PSDB escolhe hoje candidato a presidente do Brasil

João Doria e Eduardo Leite disputam primárias de um partido que, desde Bolsonaro, já não é o que era. Bairrismos, acusações de fraude, traições, a sombra de Moro e até sexualidade entraram no debate

O PSDB vai escolher neste domingo, dia 21, o candidato a presidente nas eleições do próximo ano entre João Doria, governador de São Paulo, e Eduardo Leite, governador do Rio Grande do Sul.

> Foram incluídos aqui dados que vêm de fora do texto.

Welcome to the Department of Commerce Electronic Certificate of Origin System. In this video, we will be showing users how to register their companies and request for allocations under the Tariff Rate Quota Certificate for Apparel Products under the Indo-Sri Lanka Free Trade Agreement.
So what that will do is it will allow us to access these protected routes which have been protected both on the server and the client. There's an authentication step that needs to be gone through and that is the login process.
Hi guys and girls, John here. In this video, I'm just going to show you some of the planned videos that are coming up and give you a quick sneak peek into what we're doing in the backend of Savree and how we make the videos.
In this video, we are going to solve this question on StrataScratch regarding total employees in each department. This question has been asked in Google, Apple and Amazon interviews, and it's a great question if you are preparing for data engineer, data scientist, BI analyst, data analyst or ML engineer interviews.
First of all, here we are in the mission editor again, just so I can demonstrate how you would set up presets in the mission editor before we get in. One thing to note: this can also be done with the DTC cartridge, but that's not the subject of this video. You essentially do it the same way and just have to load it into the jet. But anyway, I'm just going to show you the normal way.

Resta saber se ainda é o PSDB que governou o Brasil de 1995 a 2002, através de Fernando Henrique Cardoso, e forçou Lula da Silva e Dilma Rousseff, ambos do PT, à segunda volta nas quatro eleições seguintes ou se é o PSDB que em 2018, soterrado pela ascensão de Jair Bolsonaro, nem chegou a 5%.

Doria e Leite, assim como o terceiro candidato, Arthur Virgílio, ex-prefeito de Manaus, querem acreditar na primeira versão mas a maioria dos observadores inclina-se para a segunda, depois do debate das primárias ter sido marcado por lutas paroquiais, traições, acusações de fraude, homofobia e a sombra de Sergio Moro.

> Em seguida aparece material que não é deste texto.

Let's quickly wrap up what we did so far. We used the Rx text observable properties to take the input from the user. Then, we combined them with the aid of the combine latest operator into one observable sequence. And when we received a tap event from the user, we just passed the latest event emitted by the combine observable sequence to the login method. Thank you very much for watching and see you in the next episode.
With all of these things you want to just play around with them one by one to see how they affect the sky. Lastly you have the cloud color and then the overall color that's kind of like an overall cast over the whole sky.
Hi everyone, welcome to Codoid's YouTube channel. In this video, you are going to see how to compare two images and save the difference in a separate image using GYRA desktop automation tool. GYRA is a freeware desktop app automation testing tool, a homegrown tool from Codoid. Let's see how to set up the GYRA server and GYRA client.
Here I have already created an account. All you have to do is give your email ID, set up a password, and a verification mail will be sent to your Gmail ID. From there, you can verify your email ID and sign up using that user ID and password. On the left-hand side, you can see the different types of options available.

"O PSDB caminha para a extinção, ganhe Doria ou Leite, e dificilmente volta à presidência perdida em 2002", prevê o cientista político Vinícius Vieira, da Fundação Armando Álvares Penteado.

"Na prática, o partido sairá sempre rachado das primárias", continua. "Porque é um partido dividido, por um lado, entre os mais velhos, ainda ligados à social-democracia, e os mais jovens, liberais no sentido amplo da palavra".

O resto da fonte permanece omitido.